# Flave poss. Breakcore set in Manchester



## Flavour (Sep 6, 2005)

My mates now have a regular club night at PO NA NA souk bar in Manchester, down the road off Oxford rd between the BBC and HSBC. you know the place. 

anyway, THIS THURSDAY... i may play a set there.... of Breakcore

you see, we wanted "downbeat" on the flyers, but Po Na Na took it off the flyers, so we're going to go very upbeat to get back at them... and what better way?

Be there!

9pm-2am
£3/£2 NUS


----------



## killer b (Sep 9, 2005)

did you rock the motherfucking decks?


----------



## Fruitloop (Sep 9, 2005)

More importantly, did you record it?
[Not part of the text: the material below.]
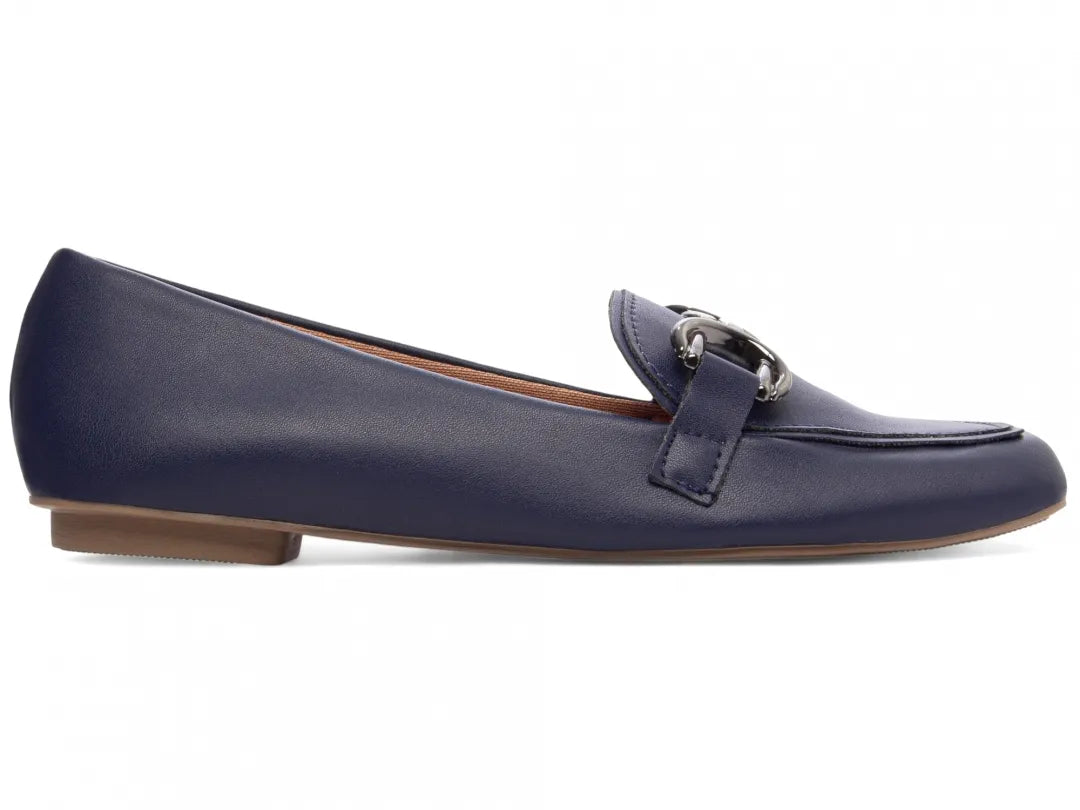 Sapatilha Mocassim Azul Feminino antiderrapante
I can host it if you wanna share


----------



## binka (Sep 9, 2005)

never been in po na na, go past it all the time aswell. should make an effort one of these days...


----------



## Firky (Sep 11, 2005)

po na na... oh man so many bad memories of getting off with ex housemate then seeing her the next day


----------



## Flavour (Sep 12, 2005)

i rocked it out so badly po na na said never let me behind the decks again because breakcore and drillmania is not in their musical "policy"... !

i rule

people love jungletastic drillwise breakcore and they are pussies to deny it


----------



## killer b (Sep 12, 2005)

true... they like an easy-going crowd at pooh na na - probably didn't want the raving hordes decending and scaring away their coke sniffing regulars.

anyone dance?


----------



## Flavour (Sep 12, 2005)

about 25 people! (out of 45-55 in there)


----------